[[ Dataset excerpts open ]]
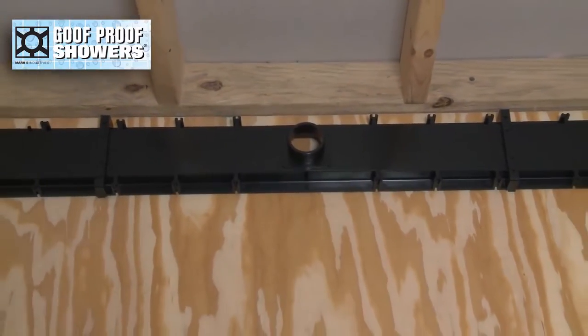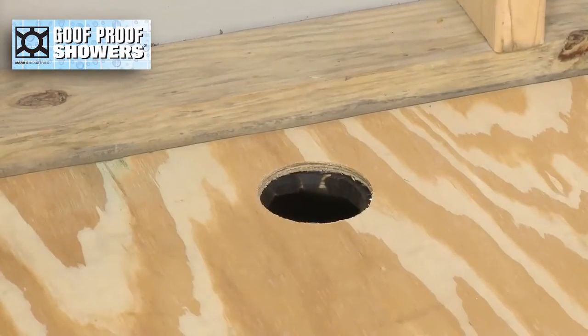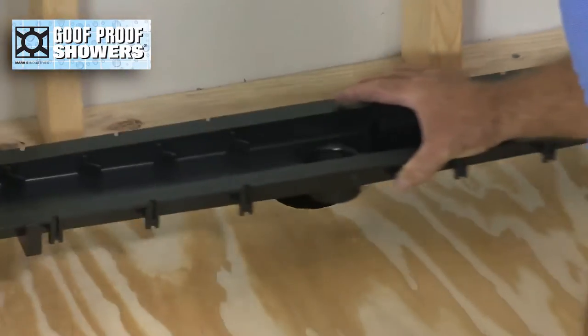Position the drain, maintaining an equal rough-in setback from the studs whenever possible. Route the waste pipe accordingly and test fit.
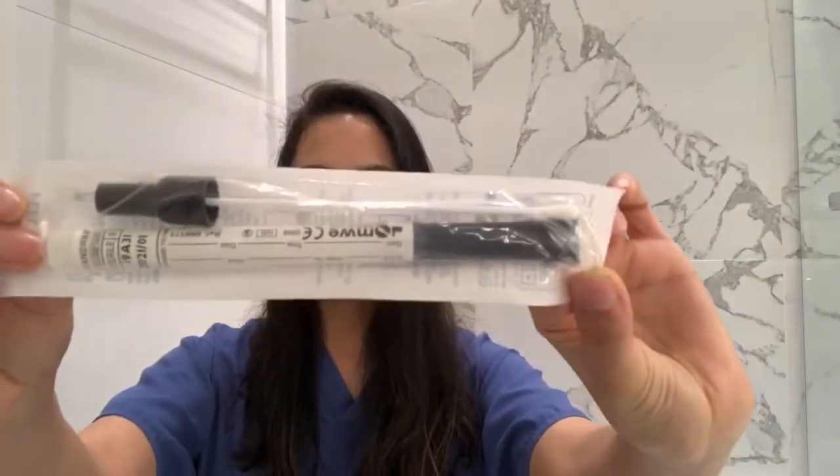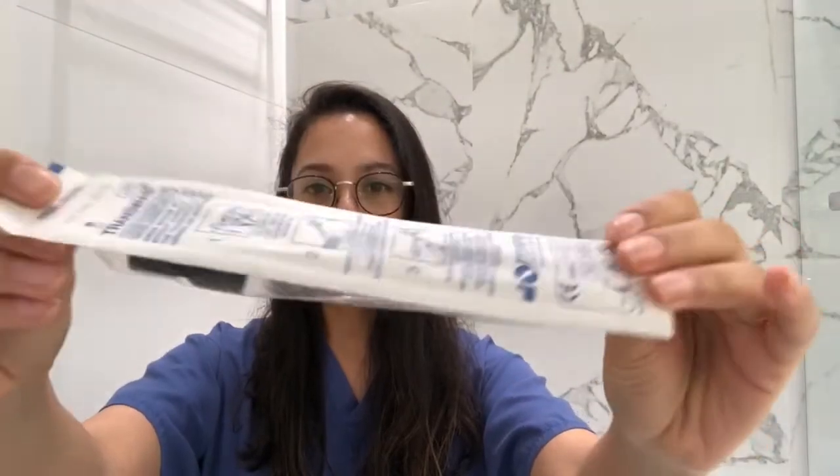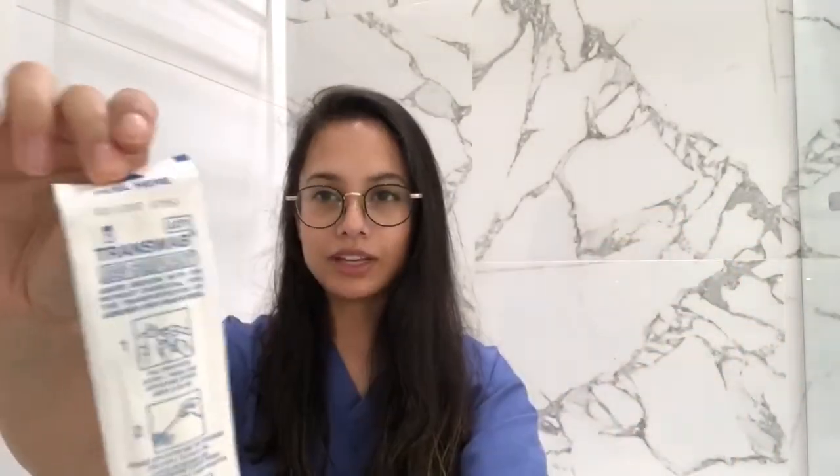This is one of the common swabs that you might be asked to use. To start with, you can see the peel here sign.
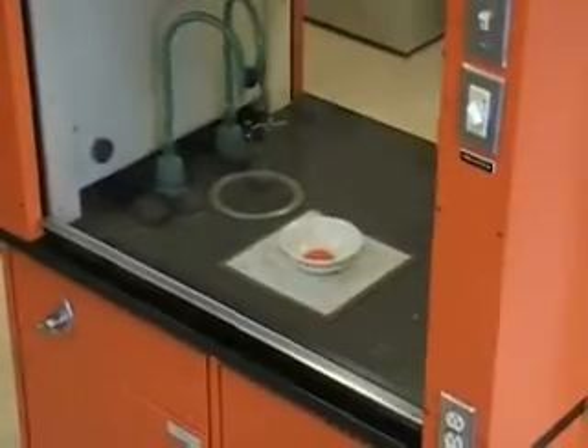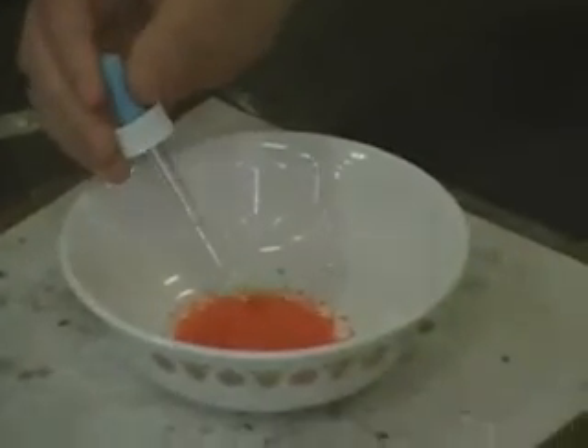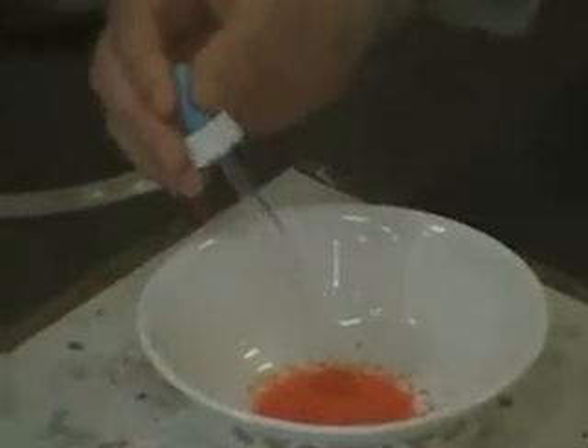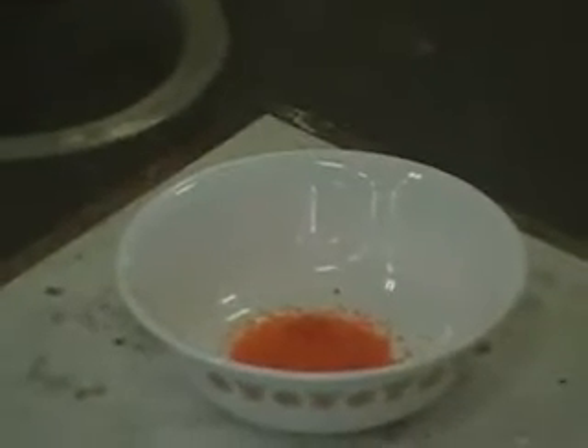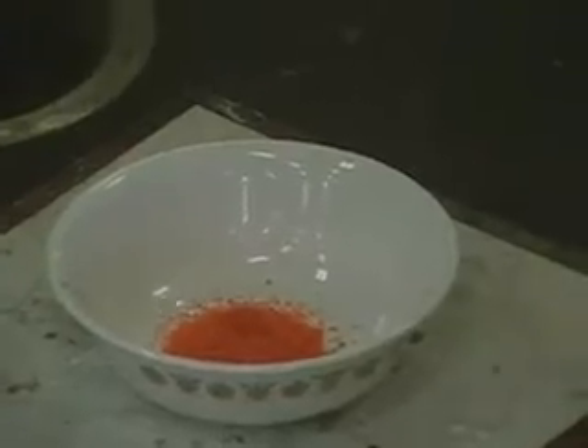I'm going to wet the tip with something flammable just to get it started, and then I'll light it using a splinter, and then it will burn. They often refer to this demonstration as the ammonium dichromate volcano — the reasons for which will become obvious.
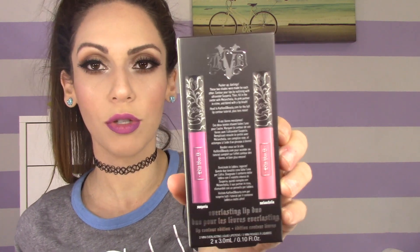In here, there are two deluxe size liquid lipsticks from Kat Von D's line. So those are the two colors that are included. I'll definitely show you guys the colors once I open it up. But these colors are not limited edition colors or colors you've never seen before — they're actually part of her regular line, but included in a deluxe size.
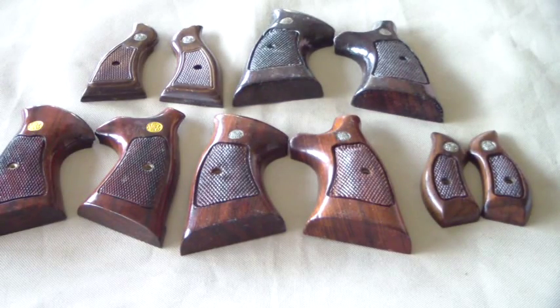Alright, Smith & Wesson wood revolver grips — that's what we're going to talk about, some of the old vintage ones here. As you guys know, if you've been around my channel, you know I'm a big revolver fan. Definitely going to go over some of these grips.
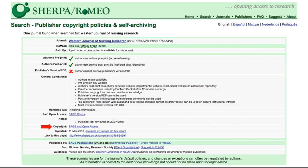Sherpa Romeo provides a great resource and quick shortcut to finding out journal policies. I recommend confirming the listed policies with the journal either by looking at their website or directly asking the journal if their policies are not available on their website. Sherpa Romeo is perfect for a rule of thumb, but there may be policy changes for the journal not reflected in Romeo — as you can see, this record was last updated on March 11, 2013.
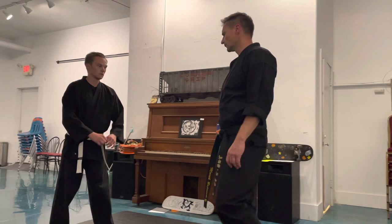Hi, I'm Sensei Merrick. Today we're going to cover the first and second self-defense series from a step punch. Starting off from the first self-defense series.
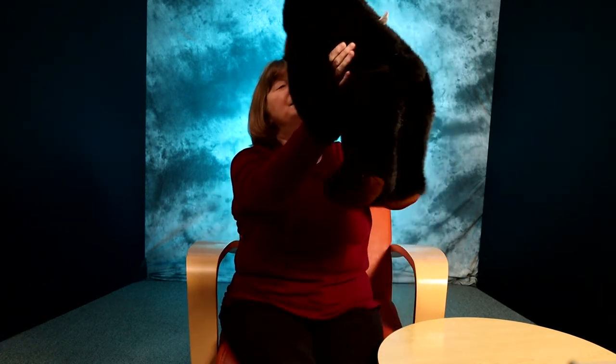We might start with Bear sitting towards me and we go: 'Toast in the toaster, getting very hot. Tick-tock, tick-tock, up you pop.' Give them a little shake.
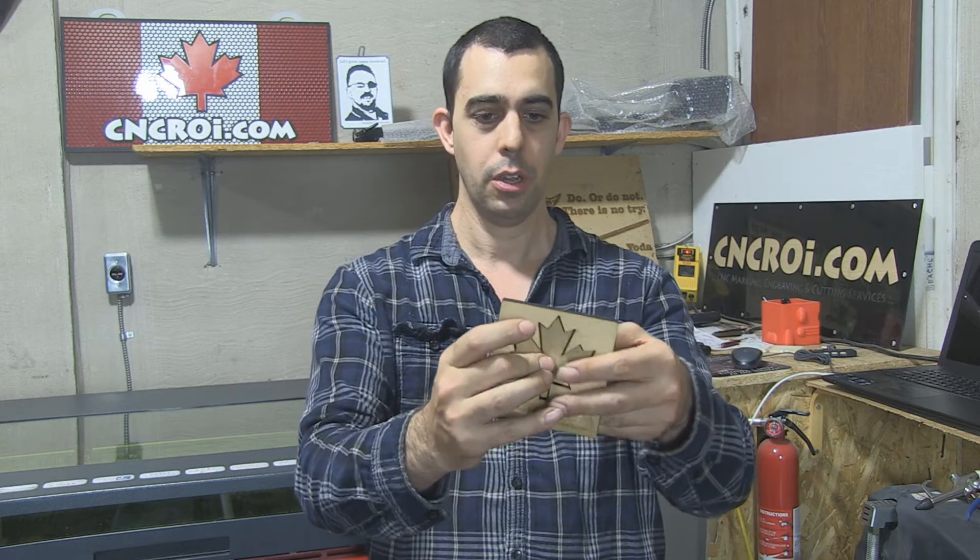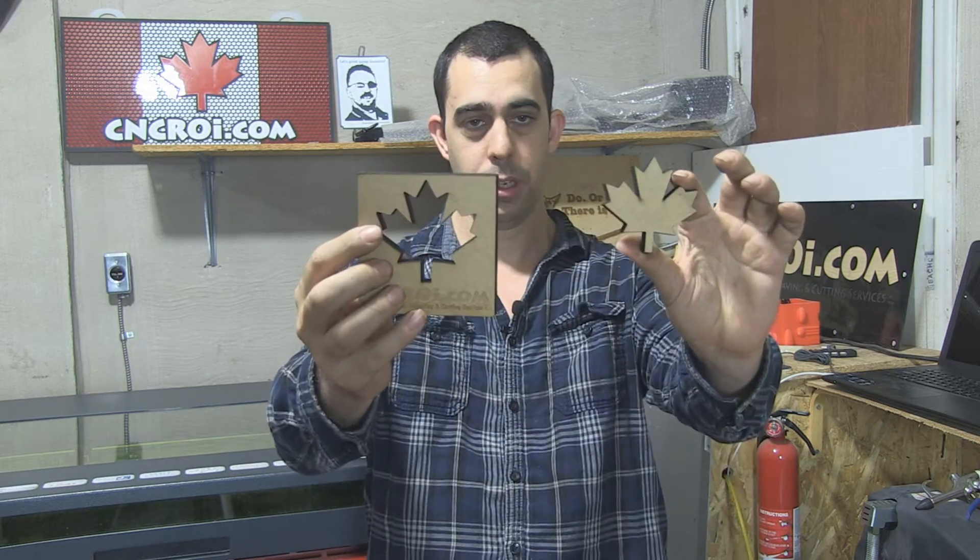This here for instance was done in one pass — the engraving was done in one pass, the cutting was done in one pass. The reason why we're able to do this is because the ERCO2 laser is 110 watts, which means that it has more than enough power to cut through this. The thickest stuff we've cut through is 3 and a quarter inch laminate.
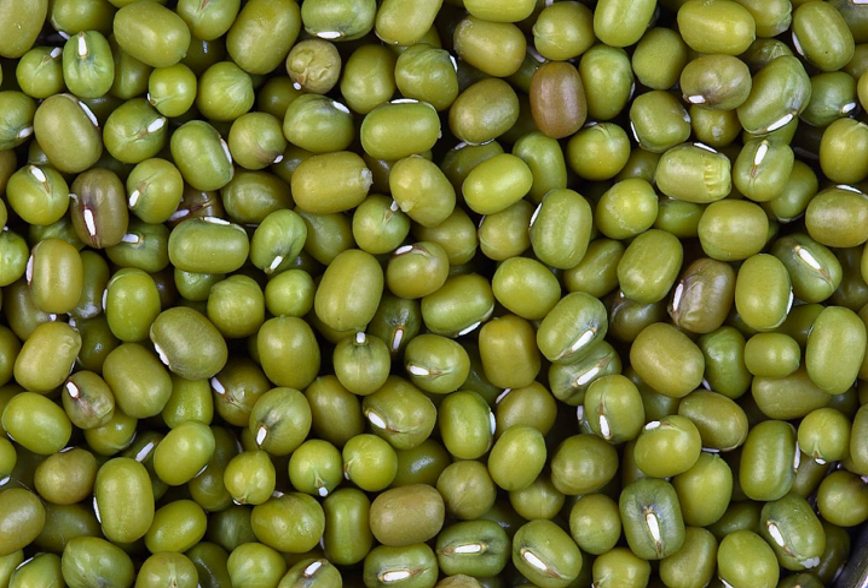The mung bean, Vigna radiata, alternatively known as the green gram, mosh, or mung (Sanskrit: mudga), is a plant species in the legume family. The mung bean is mainly cultivated in India, Pakistan, Bangladesh, Nepal, Sri Lanka, China, Taiwan, Korea, and South and Southeast Asia. It is used as an ingredient in both savory and sweet dishes.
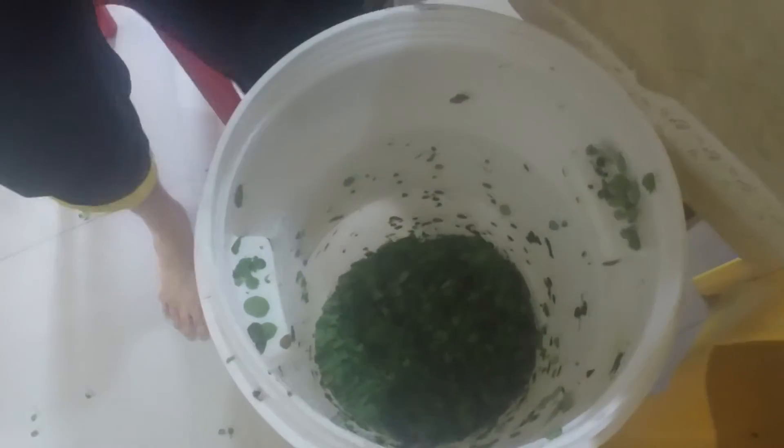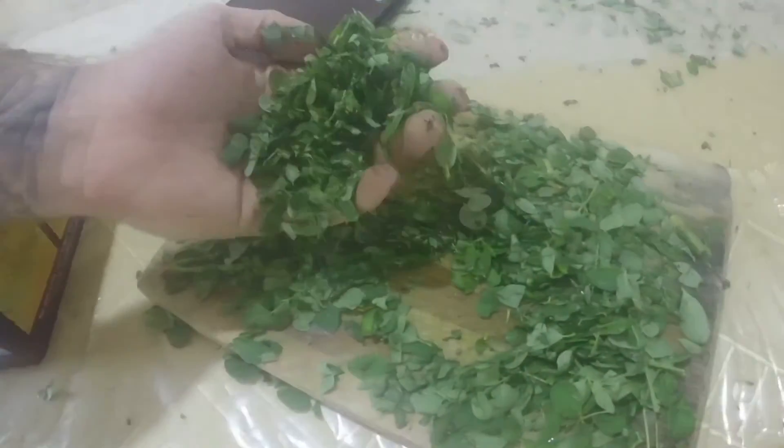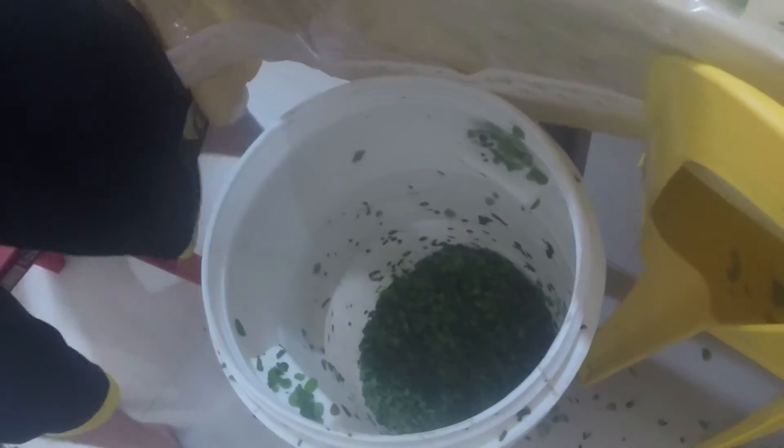Today we're going to be doing the nutrition supplement for the malongai. As you can see, chop up the malongai real nice here. As far as I know, because I've experimented with this, it's best to chop this up because the malongai didn't really decompose properly last time.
[[ Dataset excerpts closed ]]
» About this task: Of the lines above, quote exactly those from the one with "In here, there" through the one with "Alright, Smith &", ends included; pictures stay out.

» Answer to this exercise:
In here, there are two deluxe size liquid lipsticks from Kat Von D's line. So those are the two colors that are included. I'll definitely show you guys the colors once I open it up. But these colors are not limited edition colors or colors you've never seen before — they're actually part of her regular line, but included in a deluxe size.
Alright, Smith & Wesson wood revolver grips — that's what we're going to talk about, some of the old vintage ones here. As you guys know, if you've been around my channel, you know I'm a big revolver fan. Definitely going to go over some of these grips.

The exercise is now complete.